- Work instruction: In the entries below, begin at the line with "Maison Meschers-sur-Gironde (17132)" and stop after the line with "C4D露兜树办公室客厅盆栽绿植模型 - C4D之家 - 22.jpg"; output those lines exactly and omit the pictures.

- Entries shown:

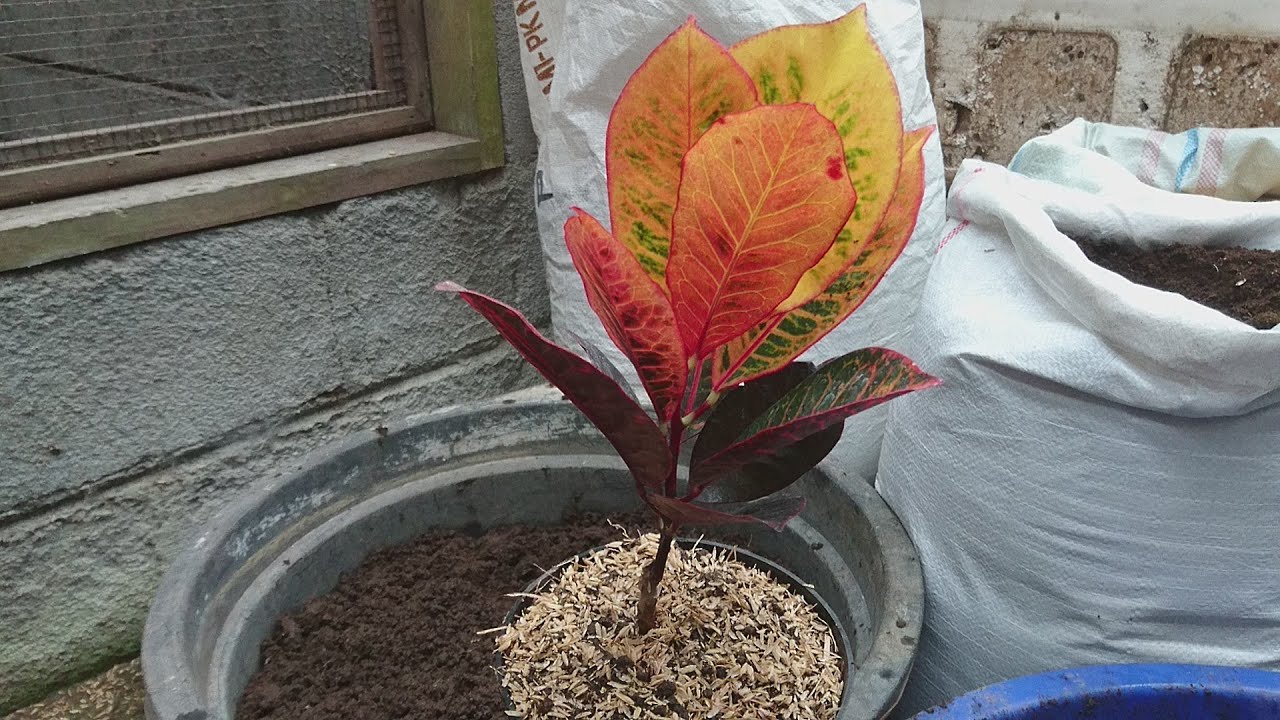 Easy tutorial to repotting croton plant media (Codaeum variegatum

---

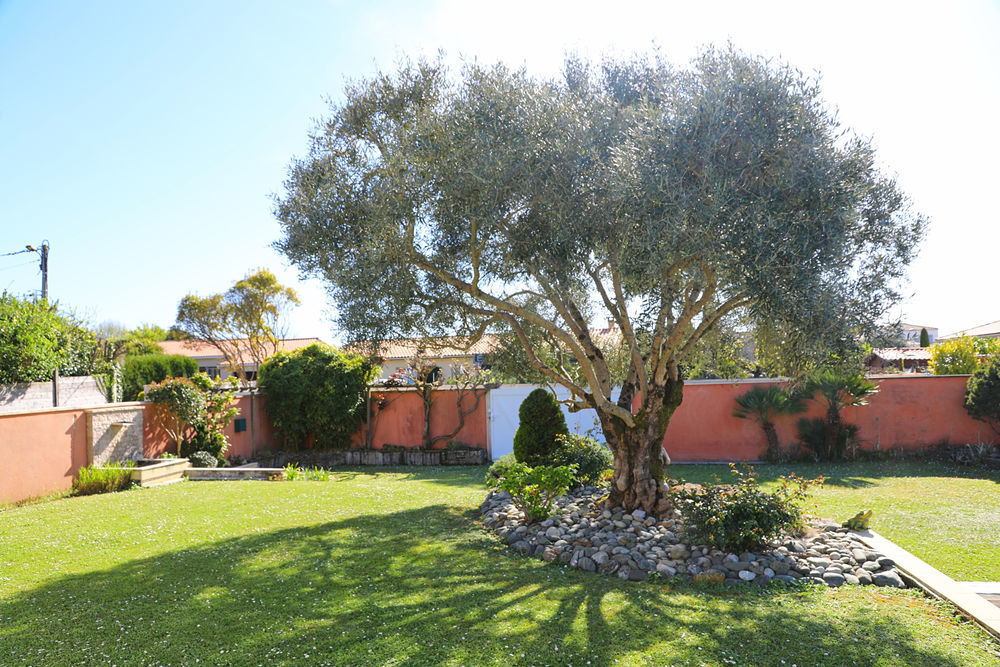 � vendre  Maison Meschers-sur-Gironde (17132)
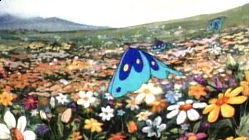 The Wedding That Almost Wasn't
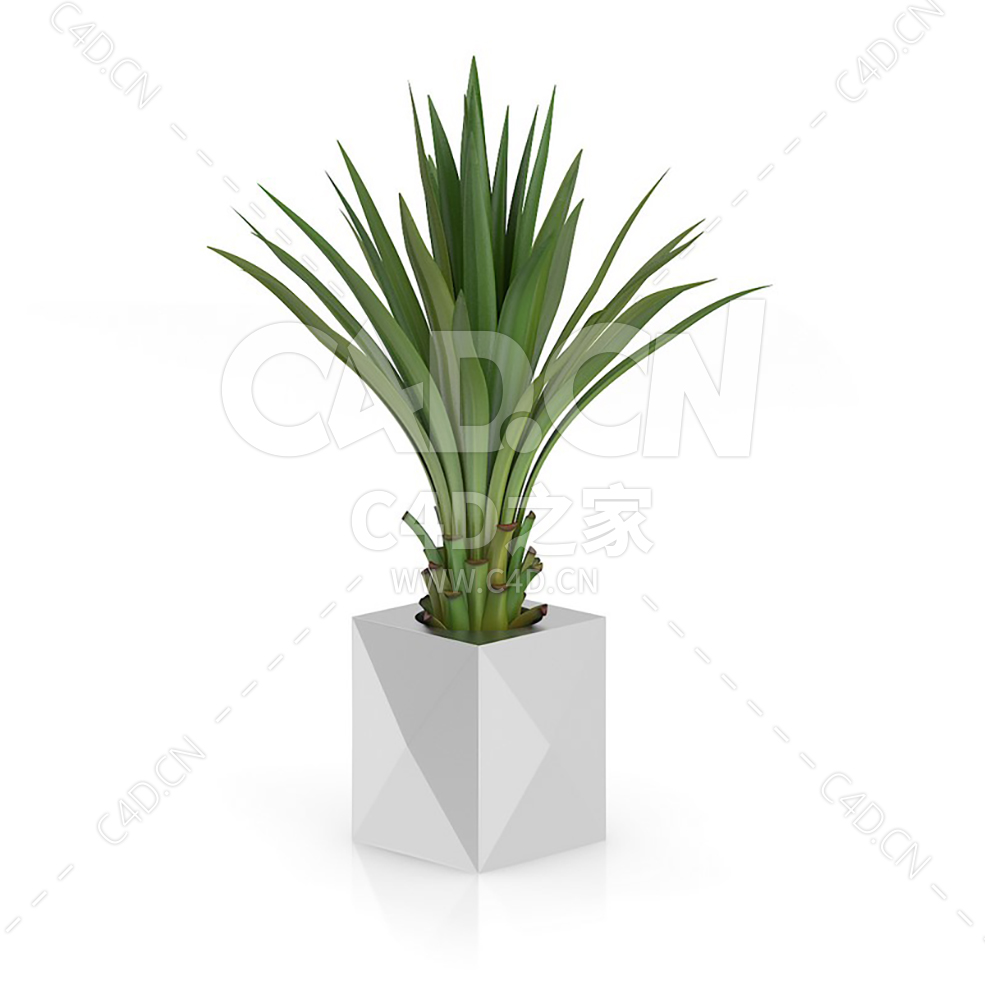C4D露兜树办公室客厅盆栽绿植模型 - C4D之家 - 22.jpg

- Result for this exercise:
 � vendre  Maison Meschers-sur-Gironde (17132)
 The Wedding That Almost Wasn't
C4D露兜树办公室客厅盆栽绿植模型 - C4D之家 - 22.jpg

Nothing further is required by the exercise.